[PROBLEM DESCRIPTION]
Below are several records. Retype exactly those lines running from the one with "Damen nan hochgeschnittene" through the one with "Set Di Tende", end lines included, and no others.

[DATA FOR THIS EXERCISE]
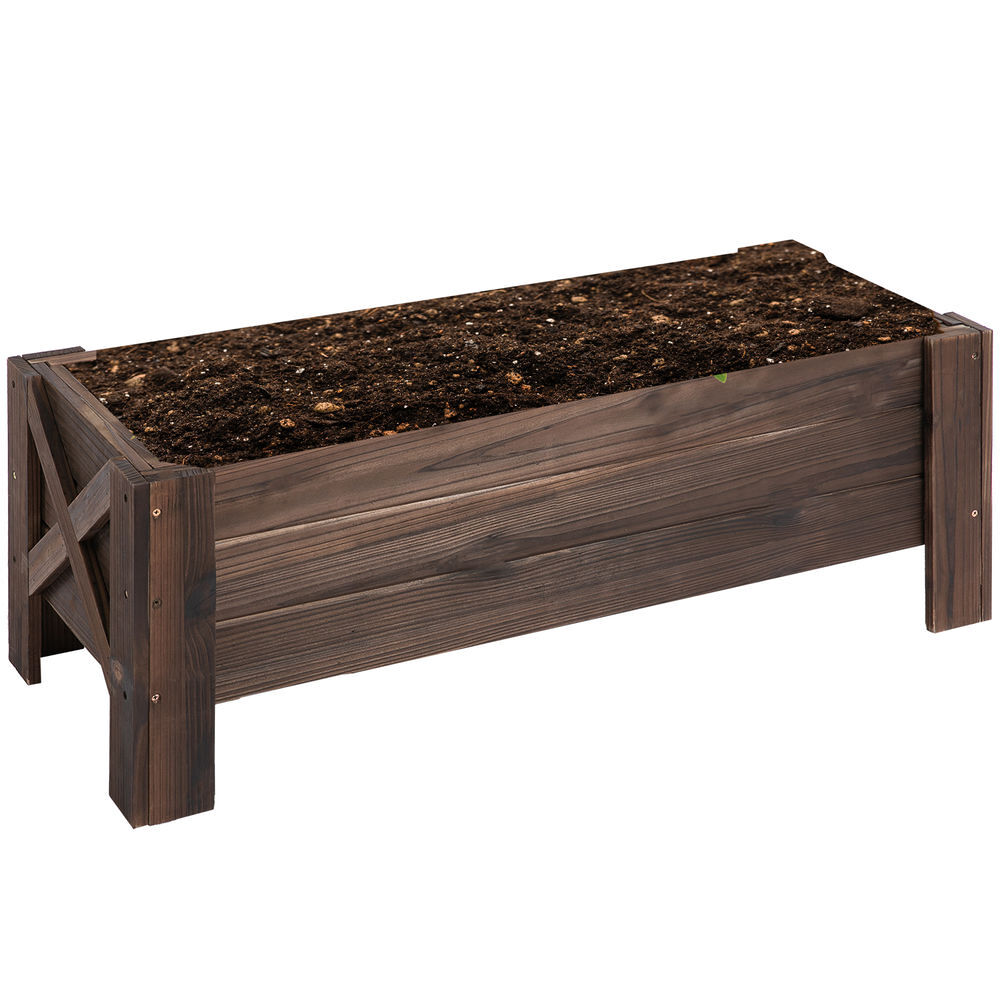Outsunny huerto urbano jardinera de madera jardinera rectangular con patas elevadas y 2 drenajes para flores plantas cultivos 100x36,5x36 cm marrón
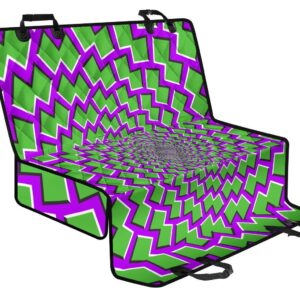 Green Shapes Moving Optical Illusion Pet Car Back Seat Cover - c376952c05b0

==

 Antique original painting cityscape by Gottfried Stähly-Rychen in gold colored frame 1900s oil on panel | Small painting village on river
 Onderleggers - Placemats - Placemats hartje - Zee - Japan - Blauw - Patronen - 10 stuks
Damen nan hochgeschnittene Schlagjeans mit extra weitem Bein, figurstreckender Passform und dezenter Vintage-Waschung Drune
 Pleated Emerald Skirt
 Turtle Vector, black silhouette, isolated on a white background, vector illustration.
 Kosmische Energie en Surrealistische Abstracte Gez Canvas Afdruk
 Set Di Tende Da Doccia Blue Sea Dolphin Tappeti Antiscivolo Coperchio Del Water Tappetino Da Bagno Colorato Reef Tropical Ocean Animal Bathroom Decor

[RESPONSE TO THIS EXERCISE]
Damen nan hochgeschnittene Schlagjeans mit extra weitem Bein, figurstreckender Passform und dezenter Vintage-Waschung Drune
 Pleated Emerald Skirt
 Turtle Vector, black silhouette, isolated on a white background, vector illustration.
 Kosmische Energie en Surrealistische Abstracte Gez Canvas Afdruk
 Set Di Tende Da Doccia Blue Sea Dolphin Tappeti Antiscivolo Coperchio Del Water Tappetino Da Bagno Colorato Reef Tropical Ocean Animal Bathroom Decor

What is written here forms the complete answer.